• What needs to be done
Each record should be written out exactly as given.

(Beginning of Exercise data)

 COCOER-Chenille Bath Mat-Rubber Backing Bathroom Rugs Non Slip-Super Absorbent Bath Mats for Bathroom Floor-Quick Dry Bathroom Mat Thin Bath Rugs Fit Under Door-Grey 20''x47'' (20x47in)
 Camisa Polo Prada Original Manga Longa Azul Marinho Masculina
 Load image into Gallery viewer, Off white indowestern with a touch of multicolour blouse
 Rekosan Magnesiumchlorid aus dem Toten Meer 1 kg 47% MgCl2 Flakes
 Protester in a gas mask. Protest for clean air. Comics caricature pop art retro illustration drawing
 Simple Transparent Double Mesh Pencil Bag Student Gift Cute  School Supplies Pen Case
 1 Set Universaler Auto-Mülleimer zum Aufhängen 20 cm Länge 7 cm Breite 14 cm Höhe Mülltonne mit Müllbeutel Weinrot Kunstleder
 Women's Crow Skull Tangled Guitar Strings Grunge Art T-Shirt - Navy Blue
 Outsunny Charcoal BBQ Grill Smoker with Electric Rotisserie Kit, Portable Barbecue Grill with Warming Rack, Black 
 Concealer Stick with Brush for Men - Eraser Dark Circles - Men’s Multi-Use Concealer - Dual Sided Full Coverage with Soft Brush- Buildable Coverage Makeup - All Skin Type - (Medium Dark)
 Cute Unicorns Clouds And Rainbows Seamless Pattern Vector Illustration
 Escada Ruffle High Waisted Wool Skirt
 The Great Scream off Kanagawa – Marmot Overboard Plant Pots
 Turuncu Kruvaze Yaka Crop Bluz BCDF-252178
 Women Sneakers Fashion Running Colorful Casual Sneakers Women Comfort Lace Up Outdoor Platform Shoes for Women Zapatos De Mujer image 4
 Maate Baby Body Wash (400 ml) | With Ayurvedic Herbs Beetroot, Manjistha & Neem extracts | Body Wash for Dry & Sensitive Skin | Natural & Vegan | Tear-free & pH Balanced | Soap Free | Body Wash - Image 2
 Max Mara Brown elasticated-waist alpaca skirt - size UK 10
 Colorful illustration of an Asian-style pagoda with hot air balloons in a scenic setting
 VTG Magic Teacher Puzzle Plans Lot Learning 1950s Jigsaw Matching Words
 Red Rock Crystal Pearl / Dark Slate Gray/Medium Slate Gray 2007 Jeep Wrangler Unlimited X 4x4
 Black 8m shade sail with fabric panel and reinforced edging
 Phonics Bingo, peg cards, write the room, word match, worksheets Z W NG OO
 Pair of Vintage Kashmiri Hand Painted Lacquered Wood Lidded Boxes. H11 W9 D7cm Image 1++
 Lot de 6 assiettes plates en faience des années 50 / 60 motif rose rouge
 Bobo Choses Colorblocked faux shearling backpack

(End of Exercise data)

• Result
 COCOER-Chenille Bath Mat-Rubber Backing Bathroom Rugs Non Slip-Super Absorbent Bath Mats for Bathroom Floor-Quick Dry Bathroom Mat Thin Bath Rugs Fit Under Door-Grey 20''x47'' (20x47in)
 Camisa Polo Prada Original Manga Longa Azul Marinho Masculina
 Load image into Gallery viewer, Off white indowestern with a touch of multicolour blouse
 Rekosan Magnesiumchlorid aus dem Toten Meer 1 kg 47% MgCl2 Flakes
 Protester in a gas mask. Protest for clean air. Comics caricature pop art retro illustration drawing
 Simple Transparent Double Mesh Pencil Bag Student Gift Cute  School Supplies Pen Case
 1 Set Universaler Auto-Mülleimer zum Aufhängen 20 cm Länge 7 cm Breite 14 cm Höhe Mülltonne mit Müllbeutel Weinrot Kunstleder
 Women's Crow Skull Tangled Guitar Strings Grunge Art T-Shirt - Navy Blue
 Outsunny Charcoal BBQ Grill Smoker with Electric Rotisserie Kit, Portable Barbecue Grill with Warming Rack, Black 
 Concealer Stick with Brush for Men - Eraser Dark Circles - Men’s Multi-Use Concealer - Dual Sided Full Coverage with Soft Brush- Buildable Coverage Makeup - All Skin Type - (Medium Dark)
 Cute Unicorns Clouds And Rainbows Seamless Pattern Vector Illustration
 Escada Ruffle High Waisted Wool Skirt
 The Great Scream off Kanagawa – Marmot Overboard Plant Pots
 Turuncu Kruvaze Yaka Crop Bluz BCDF-252178
 Women Sneakers Fashion Running Colorful Casual Sneakers Women Comfort Lace Up Outdoor Platform Shoes for Women Zapatos De Mujer image 4
 Maate Baby Body Wash (400 ml) | With Ayurvedic Herbs Beetroot, Manjistha & Neem extracts | Body Wash for Dry & Sensitive Skin | Natural & Vegan | Tear-free & pH Balanced | Soap Free | Body Wash - Image 2
 Max Mara Brown elasticated-waist alpaca skirt - size UK 10
 Colorful illustration of an Asian-style pagoda with hot air balloons in a scenic setting
 VTG Magic Teacher Puzzle Plans Lot Learning 1950s Jigsaw Matching Words
 Red Rock Crystal Pearl / Dark Slate Gray/Medium Slate Gray 2007 Jeep Wrangler Unlimited X 4x4
 Black 8m shade sail with fabric panel and reinforced edging
 Phonics Bingo, peg cards, write the room, word match, worksheets Z W NG OO
 Pair of Vintage Kashmiri Hand Painted Lacquered Wood Lidded Boxes. H11 W9 D7cm Image 1++
 Lot de 6 assiettes plates en faience des années 50 / 60 motif rose rouge
 Bobo Choses Colorblocked faux shearling backpack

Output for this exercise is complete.